# naruto??



## Clark Kent (May 21, 2008)

*naruto??
By kitsune - Wed, 21 May 2008 19:15:34 GMT
Originally Posted at: Dead Parrot Tavern*
====================

does any one here watch naruto??


Read More...


------------------------------------
The Dead Parrot Tavern - The Dead Parrot Tavern is a community forum for the discussion of the golden age of piracy, pirate fests, ren faires, science fiction, fantasy and horror with news, info, calendars of events, message boards, and more! We welcome all to our shores!


----------



## JadecloudAlchemist (May 21, 2008)

I watch Naruto. My favorites are Hinata,Kakashi,Jiraya,Lady Tsunade,Ten ten.

I like the moral aspect of the show.

Also I like the music.


----------



## KempoGuy06 (May 22, 2008)

Clark Kent said:


> *naruto??
> By kitsune - Wed, 21 May 2008 19:15:34 GMT
> Originally Posted at: Dead Parrot Tavern*
> ====================
> ...


I love the show. but the Manga is way better.

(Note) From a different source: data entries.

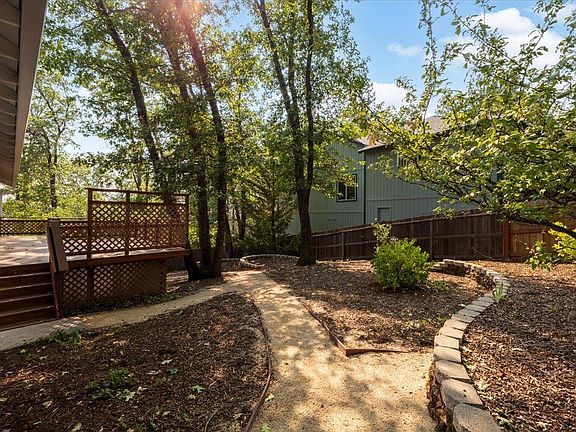 4th image of 158 Horizon Cir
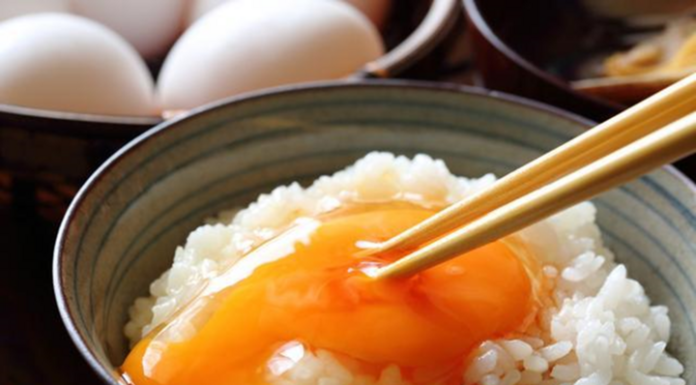 Should I Mix Rice with Egg Before Frying?
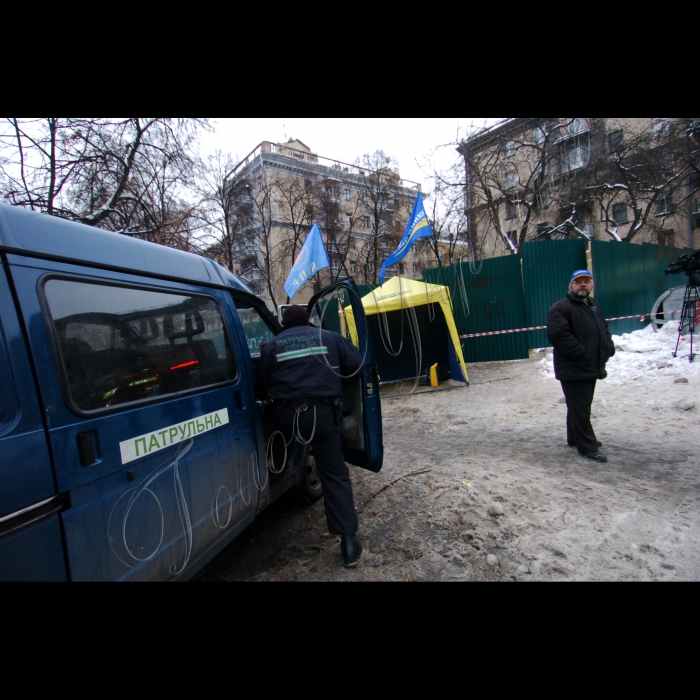 10 лютого 2010 акція мешканців Прорізної проти будівництва на цій вулиці.
Прокуратура Києва опротестувала рішення Київради про передачу в оренду ТОВ 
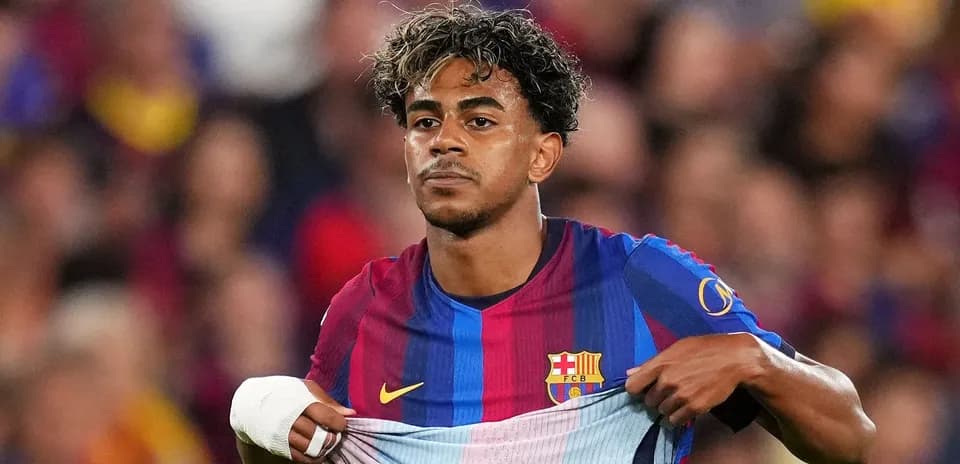 Jugador del FC Barcelona mostrando su camiseta durante el partido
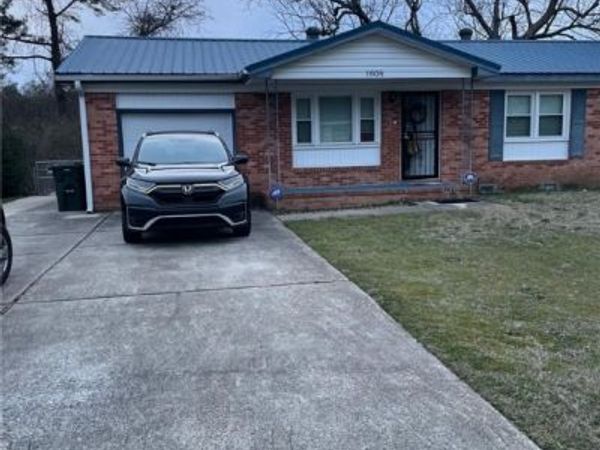 1608 Grandview Drive, Fayetteville, NC 28314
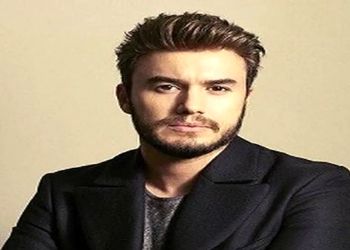 فیلم آواز باشکوه فارسی خواننده ترکیه ای با آهنگ عشقم صدا کن ! / انقد عشقم رو بامزه تلفظ میکنهکنسرت میره هوا !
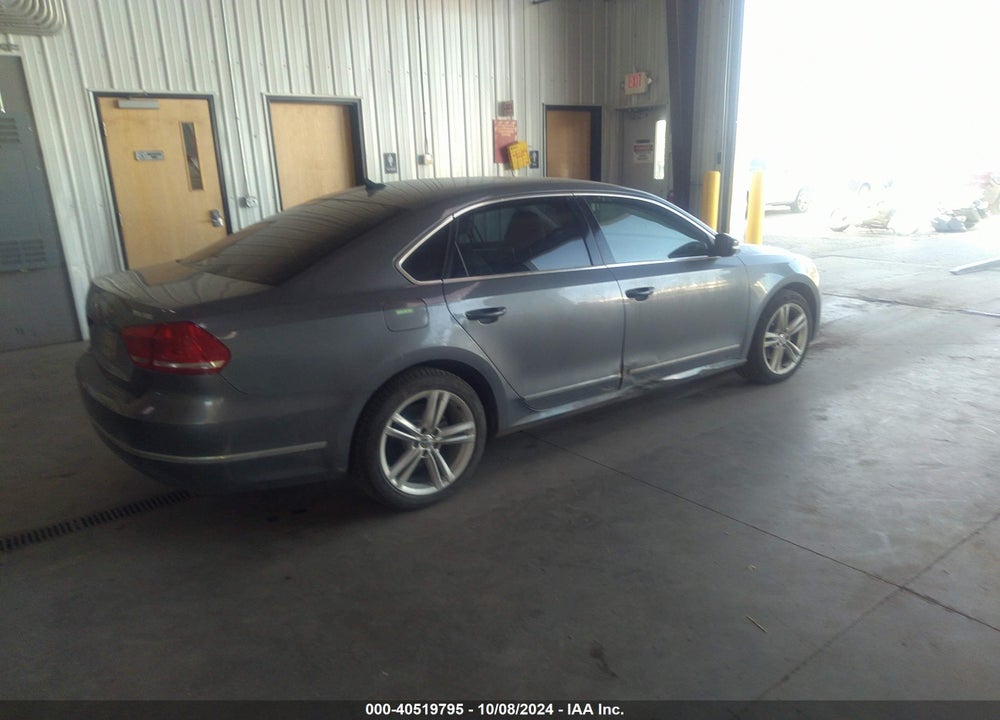 2014 VOLKSWAGEN PASSAT 2.0L TDI SEL PREMIUM VIN: 1VWCN7A33EC106946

Ive found a website that translates all the one in the Japan so Im way ahead of the american versions. 

for those who watch or read you havent seen anything yet. it gets way better

B


----------



## FearlessFreep (May 22, 2008)

I watched most of them one weekend when Cartoon Network played them all weekend long.

Started out ok but I quickly grew tired of them. Partially because of Naruto's obnoxiousness.  Mostly from a story-telling perspective when it got to a point where the students are all having a competition and by the second round, these novices were whiping out magic techniques that would lay waste to entire villages if they wanted.  That sorta 'dramatic escalation to the absurd' just bores me after awhile.


----------